I didn’t get to meet Mary Margaret until the end of her life, but in our brief time together, I’d like to think I knew the real her. Not the hard ass business owner, or the stern but loving grandmother, but rather, I got know the Egyptian goddess stalking the Orient Express. I backpacked through Siberia with the KGB spy turned CIA operative. We raced monster trucks down a dirt road in Alabama, and we sold out concerts at Carnegie Hall.

Before she lived the life most people knew, Mary Margaret lived a very different one. She travelled the country with an improv group, after dropping out of college– full ride. She managed to keep her parents in the dark for years, until they wondered why they couldn’t get extra tickets, or any for that matter, to their daughter’s graduation. She was a pro at mimicry. She could emulate the accent and inflections of anyone. She might have been the best character actor of her generation.

As I removed her soiled gown, I wondered how her life would have ended if she followed that dream; if she were never dragged back home and put to work at her father’s company. Her skin was thin, delicate. There were bruises on her wrists from the day she insisted on wearing every bracelet in her jewelry box, simply because she couldn’t remember which one was her favorite. I made sure the rag only grazed the surface of her skin. I wish I could have washed away the faded scars that crisscrossed her body, erasing not only their presence, but their memory as well. A life full of manual labor had taken it’s toll on her. But in those moments when the spotlight hit her, I saw a life full of regret melt away.

I put her in the little black dress she wore on stage at the Cabana Club, the red blazer that helped her climb the corporate ladder in the 80s, the boots she wore while running with the bulls in Pamplona. The lipstick– royal flush– a little touch of my own. After months of soiling herself and breathing through a cannula, of waking up in a panic because she had no idea where she was, it seemed only right that dear Mary Margaret left this world the same as she entered it. A queen.

 

III

She is late. Lady hates being late.

I trot, never run, down the hall. She leaves her door open for me. I look in, like I always do. She looks happy. Peaceful.

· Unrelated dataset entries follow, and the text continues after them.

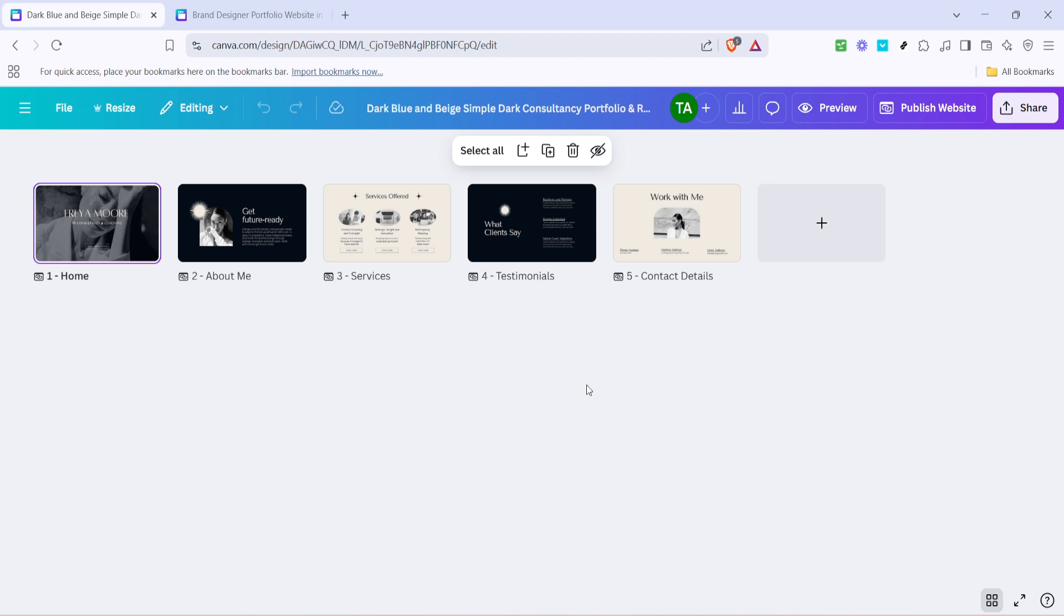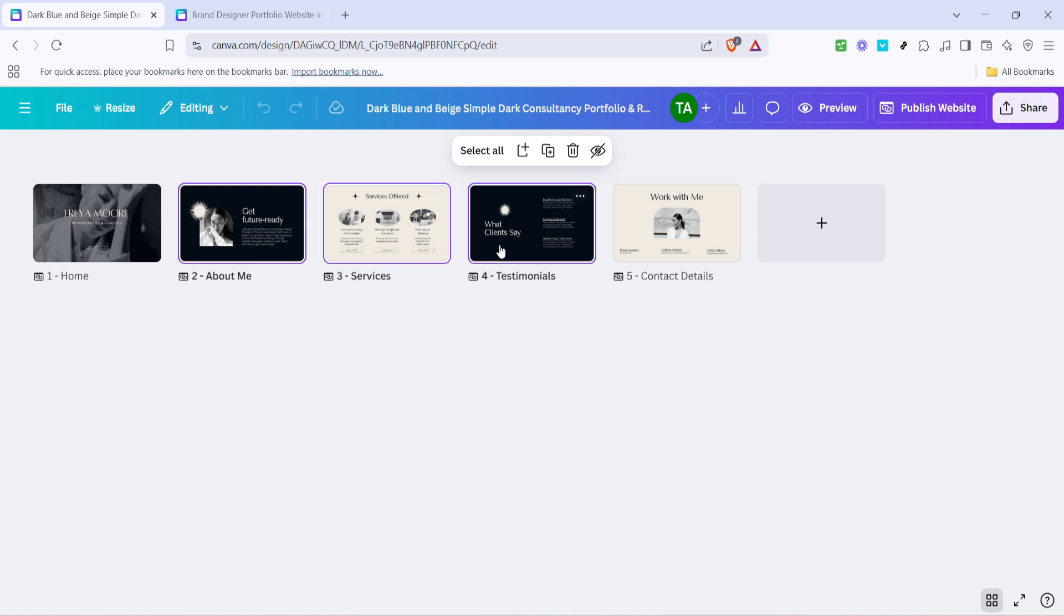Now here comes the selection process. To choose the specific pages you wish to copy, hold down the shift key on your keyboard. While holding shift, click on each page you want to duplicate. This method lets you select multiple pages at once without disrupting your workflow. It's a handy trick that ensures all your selected pages move as a unit rather than bit by bit.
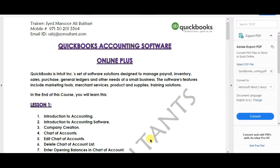In this video we're going to learn how to create a new company or create a new account in QuickBooks Online Plus, which is the cloud version of QuickBooks. The first step is that we need to sign up or create a new account for QuickBooks Online Plus.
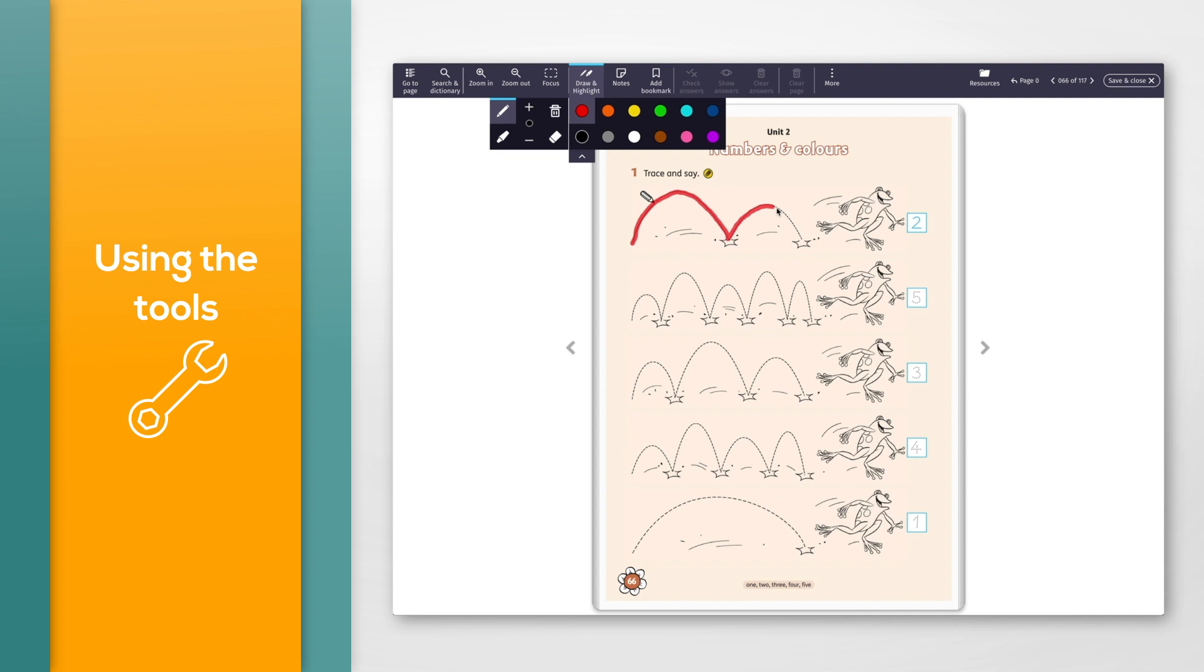When you have finished adding your pen marks, click the draw and highlight button on the toolbar to close the pen options.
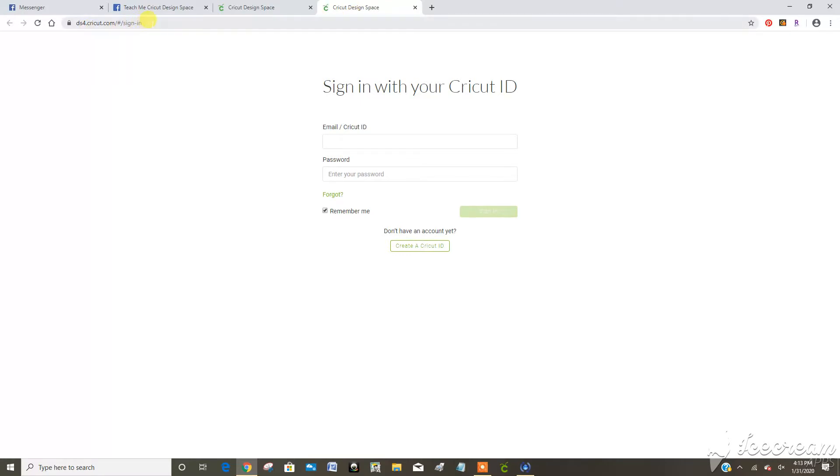Here's the URL address for Cricut Design Space. You can log in that way.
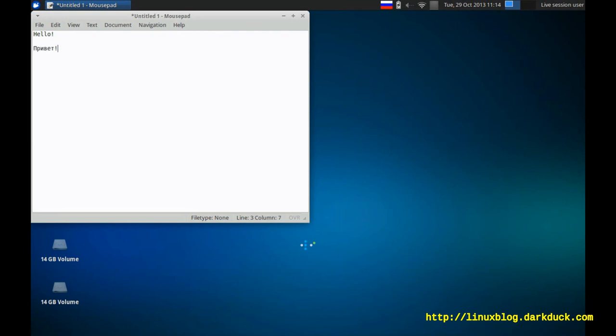Привет! This is how you configure different keyboard layouts in XFCE desktop environment. Thank you.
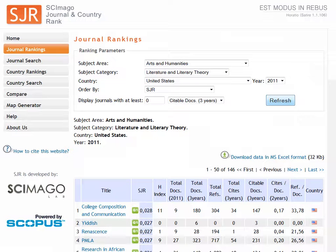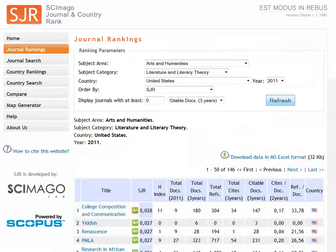Choose journals that look most appropriate to your subject area. Click on the journal and look at the record to be sure of the subject area and the subject category. For instance, we're going to take a look at the journal College Composition and Communication. Notice there is an icon labeled Q1.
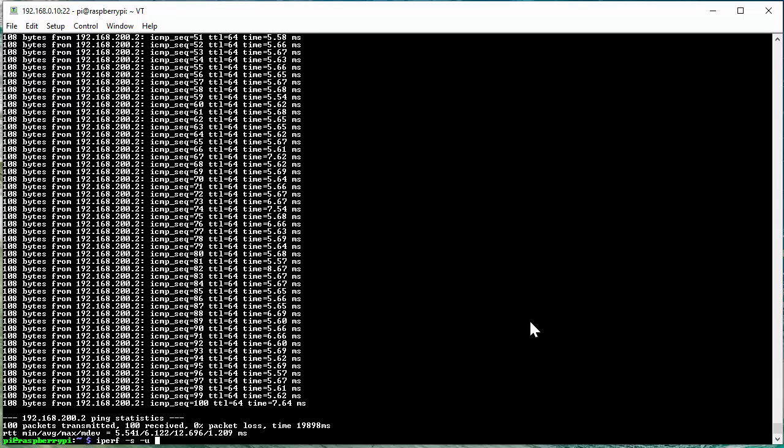Dash I 10. This specifies the interval to display the result of IPERF throughput. In this command, the interval is set to 10 seconds.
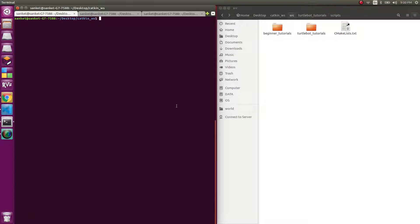Hello, welcome back to RoboMetrix. In this video, we talk about how to move a TurtleBot around. We do so in a way so that you can implement it in any other robot.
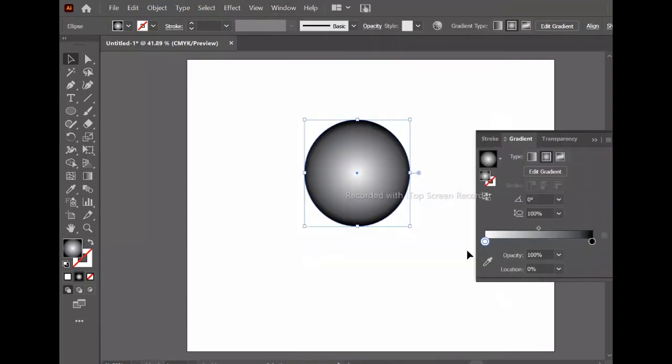First, I will change the color. I will choose a base color and select the radial gradient option.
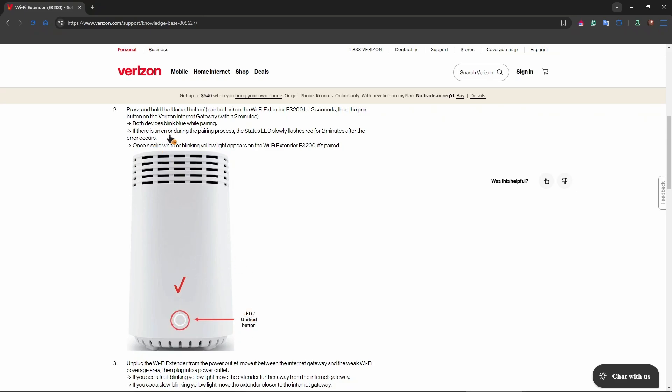If there's an error that occurs during the pairing process, the status LED slowly flashes red for two minutes after the error occurs. Once a solid white or blinking yellow light appears on the Wi-Fi extender, that means it's paired.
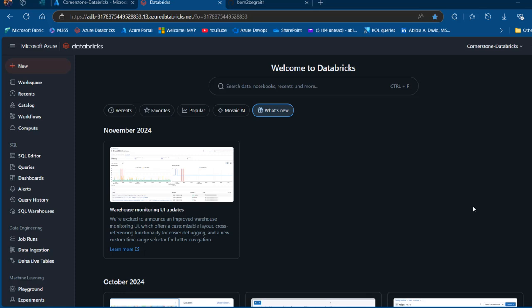In today's episode I'm going to walk you through how to read multiple files resident in GitHub into a Databricks notebook for analysis. This is a common data engineering task you might encounter during job interviews, so let's get started.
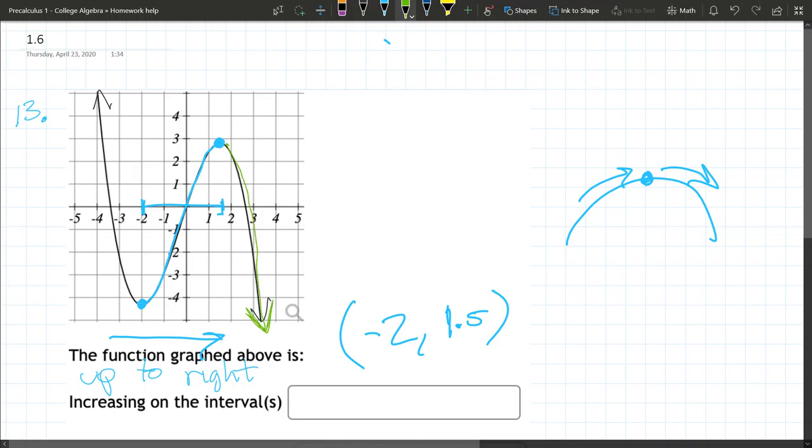And they're probably going to want you to describe it decreasing all the way to infinity. And likewise on the left, it'll be decreasing all down here, and this goes all the way to negative infinity also.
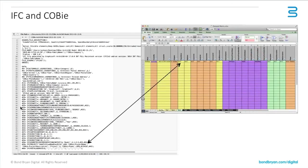And the important part of that in relation to COBie is that COBie is taking information from that text file, from the IFC output, and putting it into the information, in this case, in a spreadsheet format. As I said, there are other ways of doing this.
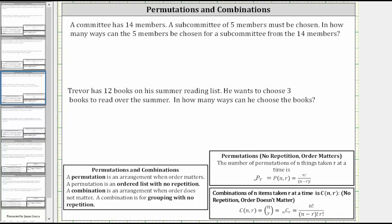In this lesson, we will look at several combinations. A combination is an arrangement when order does not matter — it is for grouping with no repetition. In contrast, a permutation is an arrangement when order does matter; a permutation is an ordered list with no repetition.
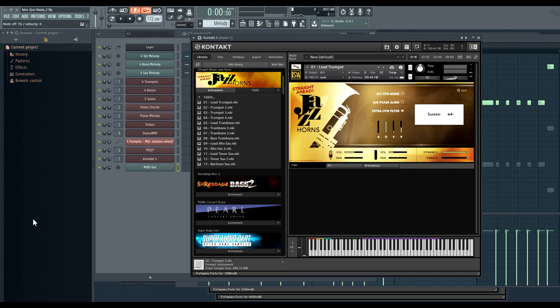Hey, this is Andrew Reverso with Impact Soundworks, and today I'd like to show you our newest virtual instrument, Straight Ahead Jazz Horns.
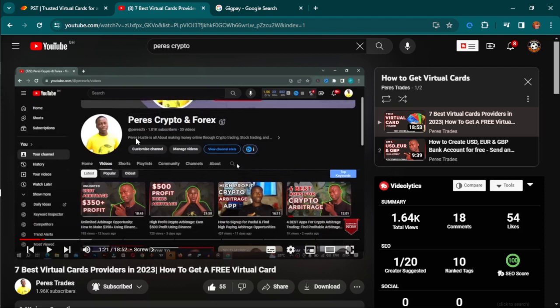Hello guys, a few months ago I made a video where I shared some of the best virtual cards you can use for online transactions. I realized that a lot of people were complaining that some of them weren't working in their country.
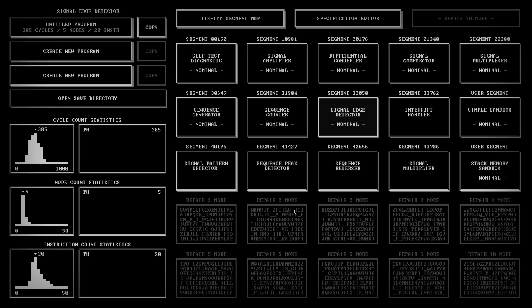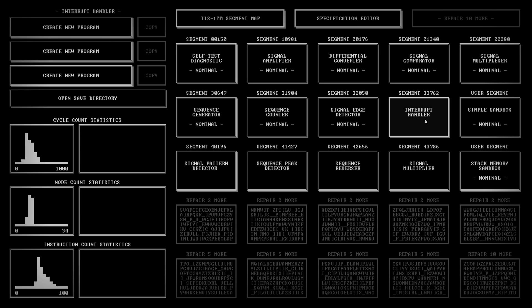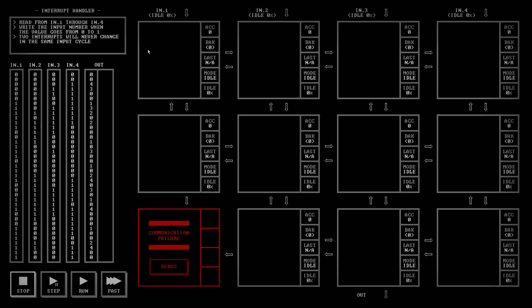Hello, and welcome back to another episode of PaulPlay's TIS 100. For this video, I'm going to be doing the Interrupt Handler. Here is the problem: read from in1 through in4, which are up here. Write the input number when the value goes from 0 to 1. And two interrupts will never change in the same input cycle.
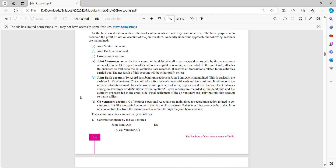What is the joint venture account? In this account, on the debit side, all expenses paid personally by the co-venturers or out of the joint bank — irrespective of its nature, that is capital or revenue — are recorded. On the credit side, all sales to outsiders as well as to the co-venturers are recorded. Under joint venture account, we debit all expenses and losses.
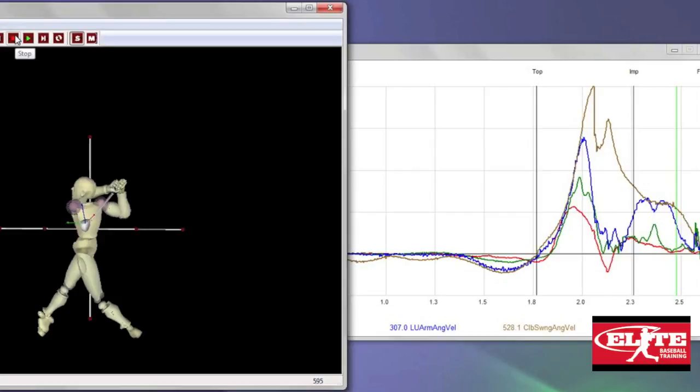And that goes back to addressing the earliest error. The earlier that the player makes an error, the more it's going to affect the ultimate spike of the bat speed. Usually what that means is the upper body is recruited earlier, which means the hitter is going to be out of sequence and the bat speed isn't going to be as great.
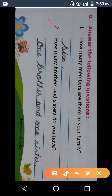Question number 2. How many — brothers — B-R-O-T-H-E-R-S — brothers. 'Brothers' means brothers. And — 'and' means aur. Sisters — S-I-S-T-E-R-S — sisters. Do — you — Y-O-U — have.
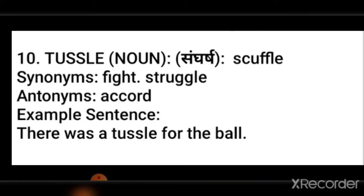Synonyms are fight and struggle. Antonym is accord. Example sentence: There was a tussle for the ball.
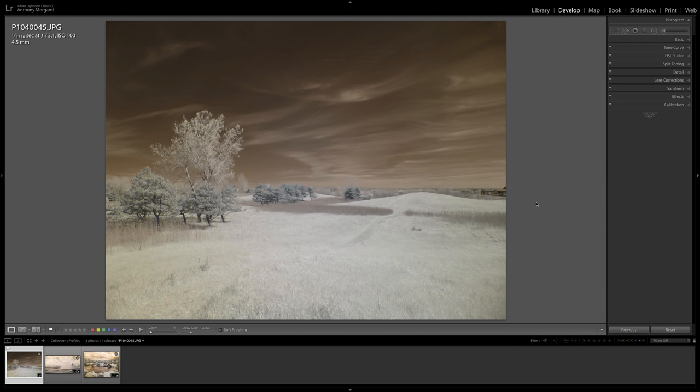This short video will be of interest to those of you that shoot infrared photography with an infrared converted camera.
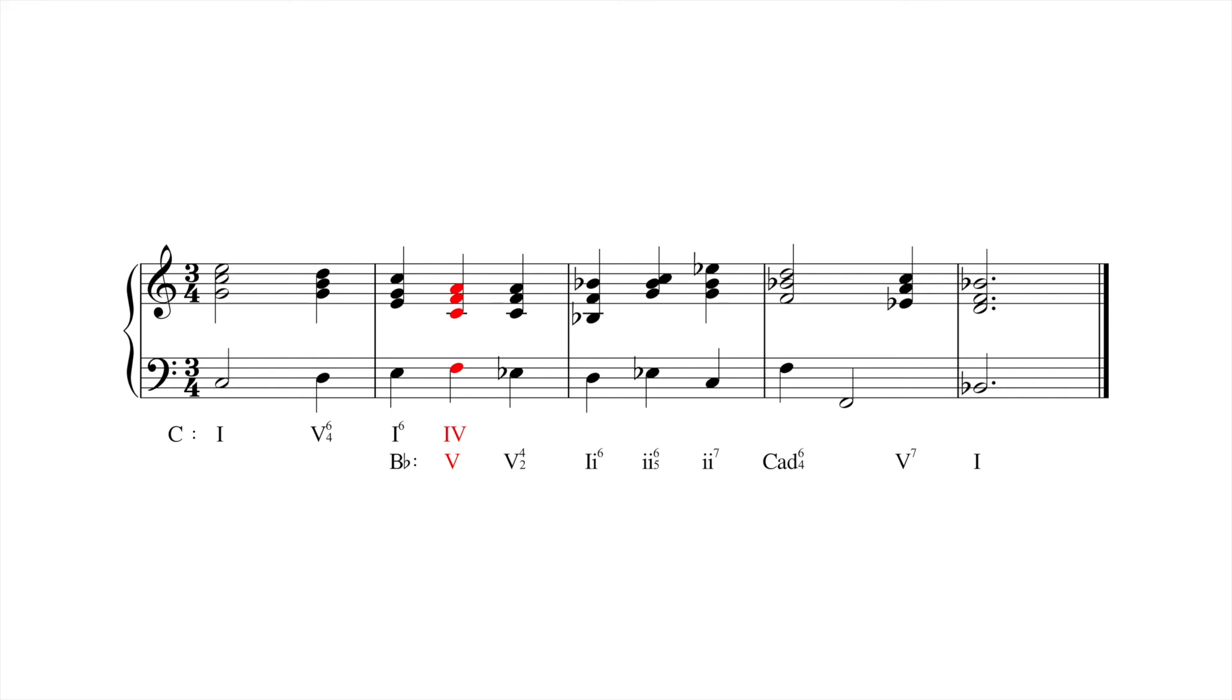Even more distant modulations can be achieved using chromatic chords, common tones, and harmonicism. But that's a story for another time.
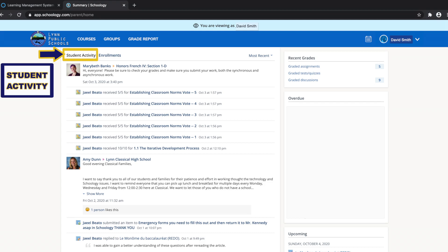First, you will see the student activity area in the center of the page, which displays your child's recent submissions, grades, and attendance information.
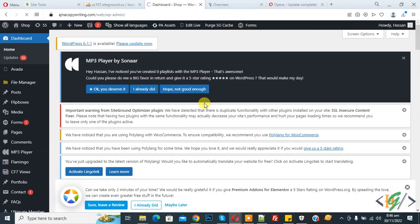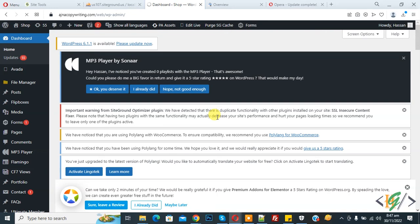Now we are in the WordPress dashboard. So in this way you can change or reset your WordPress password using MD5. I hope you like this video, please like, comment, share, and subscribe. Thank you for watching.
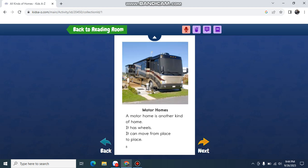Motorhomes. A motorhome is another kind of home. It has wheels. It can move from place to place.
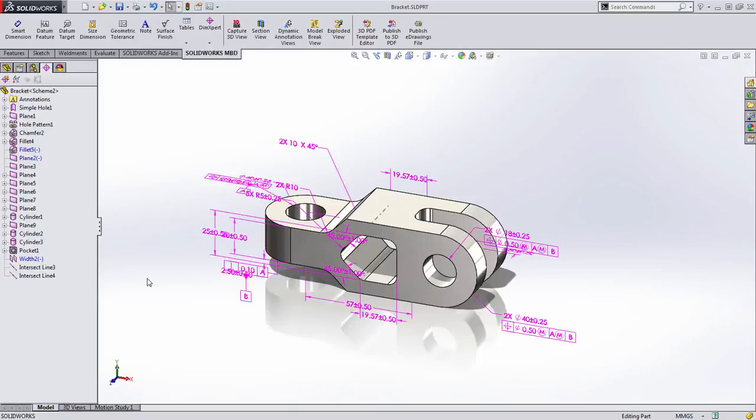Welcome to another sneak peek of SOLIDWORKS 2015, where today we're going to take a look at the completely new set of tools found in SOLIDWORKS called SOLIDWORKS MBD.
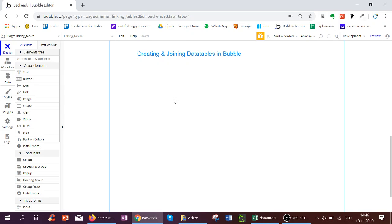Hello, this is the first of five videos on creating and joining data tables in Bubble. This will talk about back-end design and how to think about your back-end on Bubble.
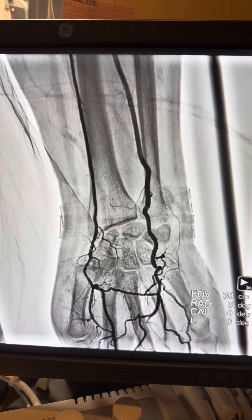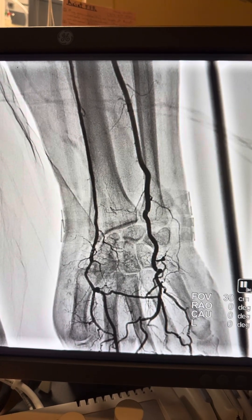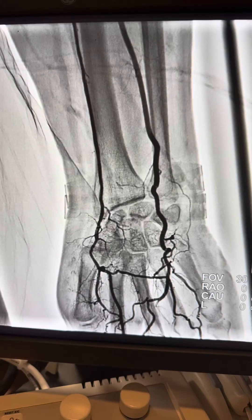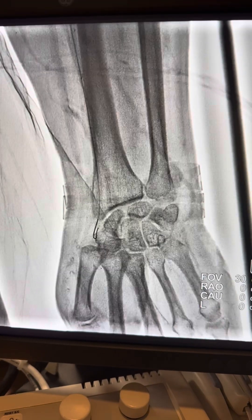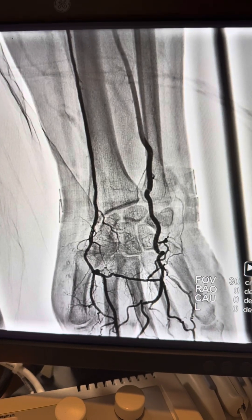No stenting was needed — no residual stenosis or dissection — and we have nice flow throughout the whole hand. Thank you and have a good day.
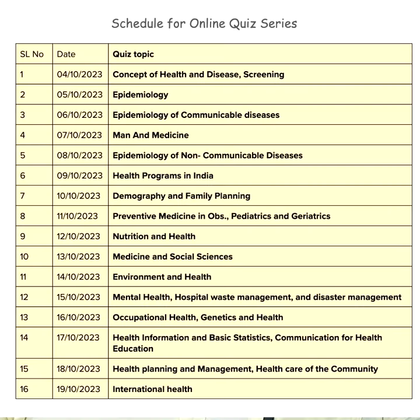Hello my dear students. In my channel, I am launching an online quiz series. This quiz series consists of 16 Google Forms-based questions which will be uploaded from October 4th, every day at 5 p.m. We have divided topics.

But it’s late. She should be frenzied, running back and forth, that tiny brush in her mouth and her hair in big rolls. She should be yelling at me to stop tripping her, and giving me a gentle nudge. There should be music and voices from the television, the squeal of the tea kettle and the smell of bacon burning on the stove. She’s never late, well, not this late.

I walk over to Lady’s bed side. Her arm dangles, as it often does. I lick her fingertips. Cold. Lady doesn’t like being cold. I leap onto the bed. I know I’m not supposed to, but sometimes she doesn’t mind, those times when her face is puffy and her nose wet like mine. But she is none of that now. Her color is gone. Her cheek as cold as her hands. I nudge her with my nose, in that spot on her neck that makes her giggle and twist. She’s silent; still. I want her to get up. Maybe if she was warm…

I curl up in the the nook of her arm. My head lays atop her chest. I can’t feel the thump I usually can, or the up and down when she pants. I miss that. I miss Lady’s funny laugh. I miss her arm brushing the back of my neck. Lady, please, warm up. Lady hates being late.